I do like old lugged steel frames.


----------



## jpatterson (24 May 2009)

Very nice, I love the lugwork on it!


----------



## alecstilleyedye (24 May 2009)

RedBike said:


> That looks like a big gear!



you're not wrong. it was 13 x 48, it's now 13/15 x 46. i found that the hub was double sided, so i've put the lower gear on the other side and flipped it over.


----------



## RedBike (24 May 2009)

alecstilleyedye said:


> you're not wrong. it was 13 x 48, it's now 13/15 x 46. i found that the hub was double sided, so i've put the lower gear on the other side and flipped it over.



I will be watching with intrest to see how you get on. I've just (got it this morning) brought a fixed wheel bike. 
Its currently got an 18tooth freewheel fitted (48 chainring) but I intend to fit a fixed sprocket to the other side of the hub very soon. All i've got to do is work out what size!


----------



## alecstilleyedye (24 May 2009)

RedBike said:


> I will be watching with intrest to see how you get on. I've just (got it this morning) brought a fixed wheel bike.
> Its currently got an 18tooth freewheel fitted (48 chainring) but I intend to fit a fixed sprocket to the other side of the hub very soon. All i've got to do is work out what size!



hope you enjoy yours too.

this might be useful. some useful advice from a knowledgeable clubmate was to go one gear higher than the equivalent freewheel gear, as the action of the fixed acts like a flywheel.


----------



## fossyant (30 May 2009)

Been away...honest.....that's one very nice bike that - is that original paint....whooooo....

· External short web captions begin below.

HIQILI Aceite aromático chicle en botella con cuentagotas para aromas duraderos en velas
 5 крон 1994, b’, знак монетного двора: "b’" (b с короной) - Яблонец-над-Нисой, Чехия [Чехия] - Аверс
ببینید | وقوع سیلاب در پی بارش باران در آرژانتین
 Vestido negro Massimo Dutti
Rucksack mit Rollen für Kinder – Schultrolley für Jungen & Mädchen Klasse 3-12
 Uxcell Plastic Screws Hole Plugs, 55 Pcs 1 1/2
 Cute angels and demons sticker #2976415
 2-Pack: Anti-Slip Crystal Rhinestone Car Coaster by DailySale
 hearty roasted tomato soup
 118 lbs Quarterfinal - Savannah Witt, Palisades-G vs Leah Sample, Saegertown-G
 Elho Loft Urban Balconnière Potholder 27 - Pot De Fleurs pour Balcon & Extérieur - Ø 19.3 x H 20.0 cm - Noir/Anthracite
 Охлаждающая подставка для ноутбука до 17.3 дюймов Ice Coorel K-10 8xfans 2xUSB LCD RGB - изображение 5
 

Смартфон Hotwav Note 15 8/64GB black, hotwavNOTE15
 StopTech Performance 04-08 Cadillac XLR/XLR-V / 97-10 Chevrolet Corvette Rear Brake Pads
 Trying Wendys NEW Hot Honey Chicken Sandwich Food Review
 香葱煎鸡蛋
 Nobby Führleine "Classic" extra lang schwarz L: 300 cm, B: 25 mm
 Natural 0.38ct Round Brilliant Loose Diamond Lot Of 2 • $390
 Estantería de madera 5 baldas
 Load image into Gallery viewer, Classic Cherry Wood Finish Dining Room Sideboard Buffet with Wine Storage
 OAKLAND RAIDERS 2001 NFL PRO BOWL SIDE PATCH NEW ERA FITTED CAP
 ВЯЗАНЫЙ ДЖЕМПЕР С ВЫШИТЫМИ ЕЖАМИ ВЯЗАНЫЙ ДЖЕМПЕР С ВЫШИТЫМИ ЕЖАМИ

Free.....for now...it's gonna cost.....it's well lovely..........


----------



## alecstilleyedye (31 May 2009)

fossyant said:


> Been away...honest.....that's one very nice bike that - is that original paint....whooooo....
> 
> Free.....for now...it's gonna cost.....it's well lovely..........



sort of yes and no. it has been repainted, but quite soon after it was new, not recently. it hadn't been ridden for over 40 years 'til last week.

your right about cost. i've split the project into two phases. phase 1 (complete) is getting it back on the road (spare 700c wheels, brake lever and caliper), phase 2 will involve getting proper tubs for the sprint rims, a better saddle, leather bar tape and possibly leather straps for the chater-lea pedals.


----------



## mickle (31 May 2009)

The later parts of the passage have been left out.